Temos estrutura para nos livrarmos assim de partidos políticos?

Temos estrutura e temos que nos mobilizar para acabar com eles. Como está, não dá. Com a Operação Mãos Limpas, dissolveram-se oito partidos tradicionais por falta de eleitor. Então é isso aí. O Partido Socialista francês, que não é corrupto como estes daqui, foi dizimado na eleição agora. Ficou com um décimo dos deputados. No Brasil, ninguém quer porque são bandidos, que vendem leis e horário de TV na campanha. Isso é partido político? O PSDB é partido político? O PMDB? O PT? São organizações criminosas. Não sobrou nada.

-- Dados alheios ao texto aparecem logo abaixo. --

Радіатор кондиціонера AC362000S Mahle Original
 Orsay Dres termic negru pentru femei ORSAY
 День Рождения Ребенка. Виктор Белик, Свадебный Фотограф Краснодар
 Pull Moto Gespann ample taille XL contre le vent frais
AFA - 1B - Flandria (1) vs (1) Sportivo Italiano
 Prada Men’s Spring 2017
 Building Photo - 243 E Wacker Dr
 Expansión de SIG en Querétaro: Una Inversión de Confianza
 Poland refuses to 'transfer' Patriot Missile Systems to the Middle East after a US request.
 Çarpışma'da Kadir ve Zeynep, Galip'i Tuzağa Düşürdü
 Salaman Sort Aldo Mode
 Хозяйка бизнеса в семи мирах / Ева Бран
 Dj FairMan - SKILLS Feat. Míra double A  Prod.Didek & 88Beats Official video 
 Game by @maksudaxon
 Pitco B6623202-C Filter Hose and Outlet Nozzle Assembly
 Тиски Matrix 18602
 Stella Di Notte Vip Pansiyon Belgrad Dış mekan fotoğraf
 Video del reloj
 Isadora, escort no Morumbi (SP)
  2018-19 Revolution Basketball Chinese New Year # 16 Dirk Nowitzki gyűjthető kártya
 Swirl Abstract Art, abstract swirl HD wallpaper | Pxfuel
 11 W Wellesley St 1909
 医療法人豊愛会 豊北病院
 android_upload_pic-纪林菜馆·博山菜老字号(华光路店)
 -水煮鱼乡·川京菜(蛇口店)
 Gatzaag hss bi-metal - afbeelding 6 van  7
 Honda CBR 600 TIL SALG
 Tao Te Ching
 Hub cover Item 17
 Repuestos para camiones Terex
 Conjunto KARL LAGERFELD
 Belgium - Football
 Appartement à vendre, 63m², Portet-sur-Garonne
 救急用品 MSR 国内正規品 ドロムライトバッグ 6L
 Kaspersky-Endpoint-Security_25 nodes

São todos corruptos, mas acabou para eles.

Nas últimas eleições, só o PT sentiu esse efeito de encolhimento. Por quê?

Porque ainda não se acreditava, ou não se sabia, que os outros eram ladrões também. Que tinha o Aécio Neves no meio, que tinha recebido 80 milhões de reais, que recebeu tanta grana quando a Dilma. Que puseram dinheiro no bolso. Em 2016, não se sabia que o PSDB era bandido, que o Aécio era bandido. E é tão bandido, que nem tiraram o cara da Presidência do partido. E ainda estão pensando em aliança com o PMDB, do jeito antigo de fazer política. Mal sabem que o eleitor não vai votar neles.

A sociedade está se mobilizando de forma organizada? Os protestos minguaram.

O problema do protesto é que as bandeiras se misturaram. Como vai sair esse “Fora, Temer” se o lado do PT quer eleição direta para trazer de volta o Lula? Vai sair na rua misturado? Não dá.

Mas a mistura de bandeiras existia nas manifestações contra Dilma. Havia alas que iam do PSDB até os que queriam intervenção militar.

Acredito que falte coragem de fazer as manifestações devidas. Há um medo porque o destino é incerto. Sai o Temer para votar o Lula? O que é pior? Um é um bandido e o outro é um projeto de acabar com a burguesia e fazer um regime populista. É difícil. Creio que o importante é mobilizar para a eleição indireta, se houver.

Se houvesse essa mobilização, Temer teria caído?

Com certeza. A própria queda da Dilma foi resultado disso. Eram 1 milhão de manifestantes na mesma pauta. Tenho a impressão que qualquer vacilo econômico, Temer cai. Se o ministro da Fazenda resolve sair, não tem mais jeito. O que segura é a excelente equipe econômica, que dá confiança para o empresariado. Se por ventura o Meirelles tentar aumentar impostos e for barrado, pode cair fora. Sem reformas e sem ministro, acabou o governo. O problema é que as classes produtoras preferem que Temer fique aí e administre a possibilidade de reformas e certa estabilidade. E com medo de Lula. Não deixa de ser legítimo o raciocínio, mas é uma visão muito curta do problema.